Weaker inflation than expected may give the Reserve Bank scope to drop interest rates again.

(Bloomberg) -- New Zealand’s annual inflation accelerated less than economists expected in the second quarter while remaining beneath the range the Reserve Bank targets, giving Governor Graeme Wheeler scope to cut interest rates again. The currency fell.

*Consumers price index rose 0.4 percent in the second quarter from a year earlier* The gain was less than the 0.5 percent median forecast of 16 economists* Prices rose 0.4 percent from the first quarter, when they gained 0.2 percent* Economists expected a 0.5% quarterly increase.

Most economists forecast Wheeler will respond to persistent weak inflation by cutting the official cash rate to 2 percent next month, even as an overheated housing market poses a risk to financial stability. Annual inflation has been less than 1 percent for seven straight quarters and the RBNZ in June forecast it won’t return to the midpoint of its 1-3 percent target range until late next year.

The local dollar dropped after the report. It bought 70.83 U.S. cents at 11:00 a.m. in Wellington from around 71.50 cents immediately before the release.

New Zealand’s trade-weighted currency index fell to 75.69. The gauge reached a 14-month high of 77.24 last week. The RBNZ in June assumed the index would average 71.6 in the third quarter.

Under 1 percent
Annual inflation matched the pace in the first quarter and was weaker than the RBNZ’s June 9 estimate of 0.6 percent. It has been less than 1 percent since the fourth quarter of 2014 and below 2 percent since late 2011.
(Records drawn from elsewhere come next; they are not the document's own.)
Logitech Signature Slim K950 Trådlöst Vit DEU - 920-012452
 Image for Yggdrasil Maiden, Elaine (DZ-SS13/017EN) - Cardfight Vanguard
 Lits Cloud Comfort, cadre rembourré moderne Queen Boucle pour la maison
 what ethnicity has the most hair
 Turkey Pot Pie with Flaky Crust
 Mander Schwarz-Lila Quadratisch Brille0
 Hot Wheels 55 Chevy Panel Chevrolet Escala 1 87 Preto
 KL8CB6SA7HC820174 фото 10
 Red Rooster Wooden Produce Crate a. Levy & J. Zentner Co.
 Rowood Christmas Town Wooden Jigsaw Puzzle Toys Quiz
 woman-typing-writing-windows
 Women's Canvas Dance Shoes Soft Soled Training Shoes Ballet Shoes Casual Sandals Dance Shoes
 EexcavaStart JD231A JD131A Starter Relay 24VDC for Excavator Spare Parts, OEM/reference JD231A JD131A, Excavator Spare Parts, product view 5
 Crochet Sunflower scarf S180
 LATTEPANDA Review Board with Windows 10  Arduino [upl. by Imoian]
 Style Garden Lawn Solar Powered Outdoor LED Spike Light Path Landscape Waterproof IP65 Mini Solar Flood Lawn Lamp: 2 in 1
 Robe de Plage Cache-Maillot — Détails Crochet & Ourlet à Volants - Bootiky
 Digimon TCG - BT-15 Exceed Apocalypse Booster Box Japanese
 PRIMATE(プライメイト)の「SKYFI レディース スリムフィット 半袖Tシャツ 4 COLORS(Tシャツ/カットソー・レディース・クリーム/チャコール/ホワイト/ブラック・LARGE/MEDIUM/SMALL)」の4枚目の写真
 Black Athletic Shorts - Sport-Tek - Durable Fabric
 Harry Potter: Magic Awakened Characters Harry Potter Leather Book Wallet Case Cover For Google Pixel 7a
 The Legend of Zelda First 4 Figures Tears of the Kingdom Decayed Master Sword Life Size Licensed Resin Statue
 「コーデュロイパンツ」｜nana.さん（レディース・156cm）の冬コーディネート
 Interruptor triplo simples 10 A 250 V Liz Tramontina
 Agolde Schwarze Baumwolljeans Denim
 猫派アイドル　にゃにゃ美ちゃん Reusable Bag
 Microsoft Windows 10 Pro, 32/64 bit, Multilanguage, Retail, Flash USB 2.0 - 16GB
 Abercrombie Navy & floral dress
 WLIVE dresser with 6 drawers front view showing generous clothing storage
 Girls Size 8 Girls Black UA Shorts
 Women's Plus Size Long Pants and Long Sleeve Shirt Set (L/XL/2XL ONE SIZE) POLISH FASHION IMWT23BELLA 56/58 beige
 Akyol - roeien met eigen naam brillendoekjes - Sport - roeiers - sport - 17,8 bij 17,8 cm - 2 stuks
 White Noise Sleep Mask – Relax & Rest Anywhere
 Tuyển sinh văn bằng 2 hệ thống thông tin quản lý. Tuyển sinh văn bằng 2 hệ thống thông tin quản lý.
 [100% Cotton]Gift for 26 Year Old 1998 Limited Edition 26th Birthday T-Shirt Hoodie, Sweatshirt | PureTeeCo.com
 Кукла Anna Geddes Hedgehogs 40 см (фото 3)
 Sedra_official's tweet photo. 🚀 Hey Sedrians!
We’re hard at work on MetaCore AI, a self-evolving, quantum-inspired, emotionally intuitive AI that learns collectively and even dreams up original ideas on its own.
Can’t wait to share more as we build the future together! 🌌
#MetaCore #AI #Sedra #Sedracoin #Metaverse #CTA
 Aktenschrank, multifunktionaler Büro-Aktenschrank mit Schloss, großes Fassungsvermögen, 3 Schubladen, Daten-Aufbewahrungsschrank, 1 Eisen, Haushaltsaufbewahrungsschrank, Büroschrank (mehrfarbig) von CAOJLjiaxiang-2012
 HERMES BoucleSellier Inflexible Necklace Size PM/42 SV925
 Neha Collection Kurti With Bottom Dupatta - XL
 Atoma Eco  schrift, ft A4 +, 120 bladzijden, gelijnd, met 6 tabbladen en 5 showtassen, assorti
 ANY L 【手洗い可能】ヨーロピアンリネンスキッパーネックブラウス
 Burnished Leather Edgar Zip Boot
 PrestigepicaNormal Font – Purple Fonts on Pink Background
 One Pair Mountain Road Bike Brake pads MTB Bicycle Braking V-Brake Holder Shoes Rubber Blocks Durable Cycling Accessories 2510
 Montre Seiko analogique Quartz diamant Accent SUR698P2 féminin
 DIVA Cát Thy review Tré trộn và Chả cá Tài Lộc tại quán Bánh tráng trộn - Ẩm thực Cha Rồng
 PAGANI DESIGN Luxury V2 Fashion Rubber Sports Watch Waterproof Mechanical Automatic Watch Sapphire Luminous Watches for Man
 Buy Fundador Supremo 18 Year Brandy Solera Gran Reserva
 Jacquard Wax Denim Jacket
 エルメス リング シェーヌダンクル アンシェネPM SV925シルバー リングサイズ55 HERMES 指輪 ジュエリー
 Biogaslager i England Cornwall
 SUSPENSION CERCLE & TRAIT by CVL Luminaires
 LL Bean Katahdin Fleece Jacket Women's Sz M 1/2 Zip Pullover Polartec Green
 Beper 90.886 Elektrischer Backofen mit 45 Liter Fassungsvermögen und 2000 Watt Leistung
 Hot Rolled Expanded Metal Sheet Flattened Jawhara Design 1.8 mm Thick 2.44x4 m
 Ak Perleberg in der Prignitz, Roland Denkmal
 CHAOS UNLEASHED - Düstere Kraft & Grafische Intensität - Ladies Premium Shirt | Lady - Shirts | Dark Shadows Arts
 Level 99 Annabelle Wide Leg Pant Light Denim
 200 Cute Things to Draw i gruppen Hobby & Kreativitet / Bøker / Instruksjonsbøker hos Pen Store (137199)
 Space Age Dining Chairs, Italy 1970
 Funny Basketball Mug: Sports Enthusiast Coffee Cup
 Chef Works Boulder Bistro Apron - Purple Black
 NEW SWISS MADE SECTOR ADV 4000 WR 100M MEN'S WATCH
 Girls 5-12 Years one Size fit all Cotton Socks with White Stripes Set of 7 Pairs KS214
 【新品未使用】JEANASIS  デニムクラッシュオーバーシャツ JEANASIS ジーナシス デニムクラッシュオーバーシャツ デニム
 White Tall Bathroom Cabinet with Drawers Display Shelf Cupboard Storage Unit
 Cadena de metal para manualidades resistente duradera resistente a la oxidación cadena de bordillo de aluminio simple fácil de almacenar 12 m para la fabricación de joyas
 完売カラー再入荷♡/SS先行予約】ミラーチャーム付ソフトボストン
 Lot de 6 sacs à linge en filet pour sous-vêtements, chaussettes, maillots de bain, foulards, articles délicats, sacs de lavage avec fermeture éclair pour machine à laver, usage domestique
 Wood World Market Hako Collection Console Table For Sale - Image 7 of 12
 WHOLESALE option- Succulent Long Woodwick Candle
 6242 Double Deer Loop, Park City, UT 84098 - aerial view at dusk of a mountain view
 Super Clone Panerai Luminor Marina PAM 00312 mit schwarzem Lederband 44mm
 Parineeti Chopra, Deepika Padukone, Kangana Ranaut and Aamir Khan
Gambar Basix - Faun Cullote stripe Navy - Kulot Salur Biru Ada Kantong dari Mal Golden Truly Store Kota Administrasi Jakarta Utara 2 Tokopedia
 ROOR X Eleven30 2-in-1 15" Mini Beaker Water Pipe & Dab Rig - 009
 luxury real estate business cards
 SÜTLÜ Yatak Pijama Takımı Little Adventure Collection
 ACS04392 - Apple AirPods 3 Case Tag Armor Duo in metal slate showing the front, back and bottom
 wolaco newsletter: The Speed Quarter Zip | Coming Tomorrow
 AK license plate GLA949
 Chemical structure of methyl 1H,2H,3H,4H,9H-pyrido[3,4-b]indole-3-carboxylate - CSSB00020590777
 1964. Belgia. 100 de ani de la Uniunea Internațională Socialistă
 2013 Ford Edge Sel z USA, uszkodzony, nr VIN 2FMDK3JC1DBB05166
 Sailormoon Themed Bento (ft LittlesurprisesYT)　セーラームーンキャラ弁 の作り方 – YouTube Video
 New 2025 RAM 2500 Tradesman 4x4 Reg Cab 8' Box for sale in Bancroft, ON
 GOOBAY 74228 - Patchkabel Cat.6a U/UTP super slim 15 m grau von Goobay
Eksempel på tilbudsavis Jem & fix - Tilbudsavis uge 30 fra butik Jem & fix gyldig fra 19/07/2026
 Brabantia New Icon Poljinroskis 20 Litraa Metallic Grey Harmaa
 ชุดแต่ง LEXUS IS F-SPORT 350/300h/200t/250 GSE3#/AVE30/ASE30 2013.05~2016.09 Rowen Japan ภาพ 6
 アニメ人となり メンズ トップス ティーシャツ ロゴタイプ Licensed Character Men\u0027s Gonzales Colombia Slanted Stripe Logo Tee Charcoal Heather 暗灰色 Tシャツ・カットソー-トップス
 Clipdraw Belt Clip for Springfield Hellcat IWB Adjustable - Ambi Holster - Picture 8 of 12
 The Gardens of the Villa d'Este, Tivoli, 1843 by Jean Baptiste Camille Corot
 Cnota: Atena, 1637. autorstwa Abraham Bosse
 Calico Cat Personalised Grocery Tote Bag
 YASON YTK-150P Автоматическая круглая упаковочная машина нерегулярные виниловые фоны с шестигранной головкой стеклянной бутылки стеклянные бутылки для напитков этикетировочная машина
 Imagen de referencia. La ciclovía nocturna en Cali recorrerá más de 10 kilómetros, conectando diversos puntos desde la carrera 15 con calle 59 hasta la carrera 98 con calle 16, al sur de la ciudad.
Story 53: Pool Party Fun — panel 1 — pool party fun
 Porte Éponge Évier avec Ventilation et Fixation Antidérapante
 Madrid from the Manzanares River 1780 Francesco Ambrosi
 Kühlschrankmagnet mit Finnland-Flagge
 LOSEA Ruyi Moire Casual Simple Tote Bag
The RBNZ is preparing an economic update for release later this week which may detail how a recent surge in the New Zealand dollar is hurting import prices and slowing inflation’s revival, economists say. The central bank forecast in June that inflation would accelerate to 1.3 percent in the fourth quarter of 2016 and reach 2 percent by late 2017.

The central bank on June 9 said “further policy easing may be required to ensure that future average inflation settles near the middle of the target range,” while the RBNZ’s bank-bill yield forecasts signaled one further cut. The RBNZ cut the benchmark rate to 2.25 percent in March.

Traders’ expectations of a cut at the next review on Aug. 11 have been volatile. They dived when Deputy Governor Grant Spencer said July 7 the central bank needed to carefully consider risks to financial stability from stoking a housing boom.

Odds of a cut then surged late last week after the RBNZ unexpectedly announced it would release an economic assessment on July 21, which economists tipped could signal a lower inflation track. The update won’t include any review of the cash rate, the central bank said

There was a 66 percent chance of an August rate cut, according to swaps data compiled by Bloomberg early Monday in Wellington.